Für die Annahme einer Erforderlichkeit ist unerheblich, ob die vom Antragsteller angegebenen Gründe in der vom Antragsgegner angeführten "AV-Wohnen SGB II" aufgelistet sind. Soweit der Begriff der Erforderlichkeit in Verwaltungsvorschriften näher konkretisiert worden ist, vermögen diese Konkretisierungen den Senat nicht zu binden. Erhebliche Lärmbelästigungen, die von einem über der Wohnung lebenden Mieter ausgehen, können durchaus den Wechsel einer Wohnung zu rechtfertigen, wenn sie auf anderem Wege nicht abstellbar sind. Denn sie schränken die Gebrauchstauglichkeit der Wohnung ein, was sich daran zeigt, dass Lärmbelästigungen unter Umständen eine Mietminderung rechtfertigen (vgl. Bundesgerichtshof, Urt. v. 16. Juli 2003 – VIII ZR 274/02 -). Dass sich der Antragsteller zunächst bemüht hat, über seinen Vermieter eine Reduzierung des Lärms zu erreichen, wird durch den in der Verwaltungsakte des Antragsgegners zu findenden Schriftwechsel belegt. Auch der Antragsgegner stellt dem Grunde nach nicht in Abrede, dass ein sachlicher Anlass für den Wohnungswechsel vorgelegen hat. Er meint indessen, dass dieser keine Mehrkosten auslösen dürfe. Insoweit übersieht er aber, dass nach dem Gesetz die Erforderlichkeit eines Umzugs unabhängig von den durch ihn ausgelösten Kosten zu beurteilen ist. Denn nach § 22 Abs. 2 SGB II rechtfertigt ein erforderlicher Umzug die Übernahme weiterer Aufwendungen.
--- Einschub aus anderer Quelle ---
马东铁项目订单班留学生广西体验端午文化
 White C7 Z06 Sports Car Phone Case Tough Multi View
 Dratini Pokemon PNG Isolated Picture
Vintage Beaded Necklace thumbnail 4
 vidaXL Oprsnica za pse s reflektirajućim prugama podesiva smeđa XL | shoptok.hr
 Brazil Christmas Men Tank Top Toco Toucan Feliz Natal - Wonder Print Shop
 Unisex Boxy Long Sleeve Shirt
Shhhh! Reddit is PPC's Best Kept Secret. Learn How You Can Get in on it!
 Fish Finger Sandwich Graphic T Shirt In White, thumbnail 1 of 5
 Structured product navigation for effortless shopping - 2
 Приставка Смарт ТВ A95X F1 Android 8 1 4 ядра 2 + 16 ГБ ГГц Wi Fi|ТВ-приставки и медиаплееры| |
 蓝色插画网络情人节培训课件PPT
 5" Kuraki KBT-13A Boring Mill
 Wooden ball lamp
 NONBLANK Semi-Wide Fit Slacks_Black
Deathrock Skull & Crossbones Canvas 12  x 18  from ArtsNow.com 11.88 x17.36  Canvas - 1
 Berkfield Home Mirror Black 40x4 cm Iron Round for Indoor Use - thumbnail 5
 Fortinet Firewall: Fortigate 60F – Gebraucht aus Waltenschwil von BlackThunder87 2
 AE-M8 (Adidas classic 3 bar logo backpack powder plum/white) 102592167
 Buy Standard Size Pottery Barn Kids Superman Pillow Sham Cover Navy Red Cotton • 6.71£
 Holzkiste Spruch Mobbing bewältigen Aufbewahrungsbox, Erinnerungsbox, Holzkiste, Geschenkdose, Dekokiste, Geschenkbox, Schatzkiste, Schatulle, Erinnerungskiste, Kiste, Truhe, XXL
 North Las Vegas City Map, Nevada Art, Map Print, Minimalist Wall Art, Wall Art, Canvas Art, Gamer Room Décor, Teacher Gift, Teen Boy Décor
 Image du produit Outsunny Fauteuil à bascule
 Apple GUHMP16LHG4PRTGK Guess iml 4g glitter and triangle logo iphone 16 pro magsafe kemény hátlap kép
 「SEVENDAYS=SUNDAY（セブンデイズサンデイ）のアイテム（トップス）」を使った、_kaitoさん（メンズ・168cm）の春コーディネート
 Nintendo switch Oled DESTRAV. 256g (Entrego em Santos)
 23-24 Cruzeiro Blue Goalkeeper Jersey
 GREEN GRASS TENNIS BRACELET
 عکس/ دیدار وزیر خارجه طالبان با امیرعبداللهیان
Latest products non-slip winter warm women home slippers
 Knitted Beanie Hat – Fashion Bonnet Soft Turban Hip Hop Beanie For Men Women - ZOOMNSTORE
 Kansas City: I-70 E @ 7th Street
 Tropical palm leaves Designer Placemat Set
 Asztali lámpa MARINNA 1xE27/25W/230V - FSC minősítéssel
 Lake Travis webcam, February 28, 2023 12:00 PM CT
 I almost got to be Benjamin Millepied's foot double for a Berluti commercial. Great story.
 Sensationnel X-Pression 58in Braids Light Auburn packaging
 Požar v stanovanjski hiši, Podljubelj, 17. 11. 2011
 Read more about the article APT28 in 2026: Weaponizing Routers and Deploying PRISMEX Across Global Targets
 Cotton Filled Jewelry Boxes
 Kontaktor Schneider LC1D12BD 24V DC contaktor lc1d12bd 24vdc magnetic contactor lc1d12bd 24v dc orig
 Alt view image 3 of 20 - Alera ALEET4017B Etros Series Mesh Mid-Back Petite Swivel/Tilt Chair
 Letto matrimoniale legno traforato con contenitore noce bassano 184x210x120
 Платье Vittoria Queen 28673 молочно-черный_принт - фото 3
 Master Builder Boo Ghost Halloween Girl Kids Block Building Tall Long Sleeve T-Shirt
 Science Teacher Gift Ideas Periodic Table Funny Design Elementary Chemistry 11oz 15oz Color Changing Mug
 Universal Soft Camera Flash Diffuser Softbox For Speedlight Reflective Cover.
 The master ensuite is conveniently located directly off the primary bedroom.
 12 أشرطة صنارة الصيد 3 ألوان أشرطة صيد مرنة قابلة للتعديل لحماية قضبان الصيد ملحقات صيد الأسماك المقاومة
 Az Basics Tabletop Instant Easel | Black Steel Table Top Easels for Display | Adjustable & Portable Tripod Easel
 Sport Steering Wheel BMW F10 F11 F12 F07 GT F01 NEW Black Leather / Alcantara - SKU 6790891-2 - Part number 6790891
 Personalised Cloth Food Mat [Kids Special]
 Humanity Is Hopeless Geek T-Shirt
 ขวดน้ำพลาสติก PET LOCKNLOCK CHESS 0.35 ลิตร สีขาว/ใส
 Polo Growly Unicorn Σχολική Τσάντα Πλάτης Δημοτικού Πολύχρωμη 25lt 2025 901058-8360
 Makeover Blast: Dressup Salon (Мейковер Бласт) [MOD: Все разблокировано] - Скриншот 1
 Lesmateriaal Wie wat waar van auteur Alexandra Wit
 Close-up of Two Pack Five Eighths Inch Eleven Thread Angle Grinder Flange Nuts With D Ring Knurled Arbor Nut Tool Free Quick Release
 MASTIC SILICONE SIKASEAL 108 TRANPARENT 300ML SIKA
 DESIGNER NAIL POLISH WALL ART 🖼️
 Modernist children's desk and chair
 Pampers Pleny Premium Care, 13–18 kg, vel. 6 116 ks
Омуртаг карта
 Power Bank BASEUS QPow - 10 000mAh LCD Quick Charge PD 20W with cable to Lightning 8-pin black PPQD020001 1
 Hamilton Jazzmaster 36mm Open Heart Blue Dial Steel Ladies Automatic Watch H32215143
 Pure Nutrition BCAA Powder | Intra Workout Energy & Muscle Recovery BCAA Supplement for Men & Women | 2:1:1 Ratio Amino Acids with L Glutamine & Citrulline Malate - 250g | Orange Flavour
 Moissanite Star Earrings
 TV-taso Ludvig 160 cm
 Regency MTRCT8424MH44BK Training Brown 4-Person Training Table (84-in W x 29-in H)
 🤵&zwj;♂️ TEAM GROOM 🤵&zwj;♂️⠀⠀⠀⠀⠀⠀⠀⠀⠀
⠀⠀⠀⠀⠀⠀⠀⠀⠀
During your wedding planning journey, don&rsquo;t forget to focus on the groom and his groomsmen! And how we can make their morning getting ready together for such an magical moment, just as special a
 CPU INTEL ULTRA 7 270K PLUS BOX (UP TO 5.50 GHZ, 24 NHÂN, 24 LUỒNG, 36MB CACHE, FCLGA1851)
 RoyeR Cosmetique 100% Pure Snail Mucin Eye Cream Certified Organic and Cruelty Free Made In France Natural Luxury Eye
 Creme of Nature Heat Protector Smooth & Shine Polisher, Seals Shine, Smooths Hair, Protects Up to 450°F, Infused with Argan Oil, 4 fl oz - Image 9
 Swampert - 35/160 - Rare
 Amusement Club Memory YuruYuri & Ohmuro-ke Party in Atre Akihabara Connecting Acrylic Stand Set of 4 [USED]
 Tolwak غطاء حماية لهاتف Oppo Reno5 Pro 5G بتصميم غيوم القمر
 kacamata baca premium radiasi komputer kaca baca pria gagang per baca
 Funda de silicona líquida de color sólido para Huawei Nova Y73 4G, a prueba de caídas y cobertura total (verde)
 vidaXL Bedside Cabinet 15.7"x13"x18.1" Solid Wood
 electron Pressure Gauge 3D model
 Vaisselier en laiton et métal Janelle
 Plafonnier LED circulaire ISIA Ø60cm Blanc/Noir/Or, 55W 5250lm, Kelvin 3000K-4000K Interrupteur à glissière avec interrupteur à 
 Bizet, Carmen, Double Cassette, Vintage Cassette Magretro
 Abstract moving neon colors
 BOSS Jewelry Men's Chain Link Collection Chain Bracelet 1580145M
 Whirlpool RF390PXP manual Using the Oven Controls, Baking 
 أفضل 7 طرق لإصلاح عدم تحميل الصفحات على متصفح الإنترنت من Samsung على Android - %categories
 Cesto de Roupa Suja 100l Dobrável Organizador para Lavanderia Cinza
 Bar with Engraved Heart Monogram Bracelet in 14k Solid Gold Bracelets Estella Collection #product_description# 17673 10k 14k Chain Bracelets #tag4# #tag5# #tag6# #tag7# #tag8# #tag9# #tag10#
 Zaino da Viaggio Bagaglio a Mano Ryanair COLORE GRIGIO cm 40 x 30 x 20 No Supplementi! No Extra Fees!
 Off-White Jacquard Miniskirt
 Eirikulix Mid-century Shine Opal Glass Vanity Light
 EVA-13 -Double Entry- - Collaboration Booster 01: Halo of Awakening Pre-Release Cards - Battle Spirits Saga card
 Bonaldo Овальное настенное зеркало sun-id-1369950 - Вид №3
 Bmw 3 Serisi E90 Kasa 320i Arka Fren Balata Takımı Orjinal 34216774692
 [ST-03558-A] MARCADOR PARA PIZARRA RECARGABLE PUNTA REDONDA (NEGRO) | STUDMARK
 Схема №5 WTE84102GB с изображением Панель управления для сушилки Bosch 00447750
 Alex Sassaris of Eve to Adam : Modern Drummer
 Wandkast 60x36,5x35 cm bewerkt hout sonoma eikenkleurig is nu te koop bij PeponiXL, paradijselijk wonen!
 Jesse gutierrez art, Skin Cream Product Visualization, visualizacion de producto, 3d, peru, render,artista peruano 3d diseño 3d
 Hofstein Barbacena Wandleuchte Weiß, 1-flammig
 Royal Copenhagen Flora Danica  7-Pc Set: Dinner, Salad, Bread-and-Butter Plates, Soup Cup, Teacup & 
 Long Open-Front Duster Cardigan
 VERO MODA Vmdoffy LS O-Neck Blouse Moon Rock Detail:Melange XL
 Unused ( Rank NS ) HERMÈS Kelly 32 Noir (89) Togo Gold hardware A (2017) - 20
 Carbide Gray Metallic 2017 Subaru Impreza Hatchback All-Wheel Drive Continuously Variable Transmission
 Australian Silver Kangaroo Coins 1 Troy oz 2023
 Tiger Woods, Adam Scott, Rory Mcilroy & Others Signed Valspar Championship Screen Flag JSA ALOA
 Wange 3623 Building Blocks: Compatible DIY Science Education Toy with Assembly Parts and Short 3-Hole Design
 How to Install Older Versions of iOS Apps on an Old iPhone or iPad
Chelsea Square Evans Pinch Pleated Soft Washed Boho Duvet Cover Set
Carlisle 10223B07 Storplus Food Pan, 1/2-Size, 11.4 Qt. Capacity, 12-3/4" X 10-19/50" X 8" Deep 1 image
War der Umzug dem Grunde nach gerechtfertigt, ist der Antragsgegner zur Übernahme der für die neue Wohnung anfallenden Aufwendungen verpflichtet, soweit sie angemessen sind, ohne dass es darauf ankommt, ob in der alten Wohnung Aufwendungen nur in geringerer Höhe angefallen wären. Mit Recht hat also das Sozialgericht den Antragsgegner zur Übernahme der tatsächlichen Kosten in der Höhe verpflichtet, die den üblicherweise übernommenen Aufwendungen entspricht.

Die Kostenentscheidung ergeht entsprechend § 193 SGG.

Die Bewilligung von Prozesskostenhilfe an den – bedürftigen – Antragsteller und Beiordnung seiner Prozessbevollmächtigten beruht auf dem § 73 a SGG, 114 ZPO.

Dieser Beschluss ist unanfechtbar (§ 177 SGG).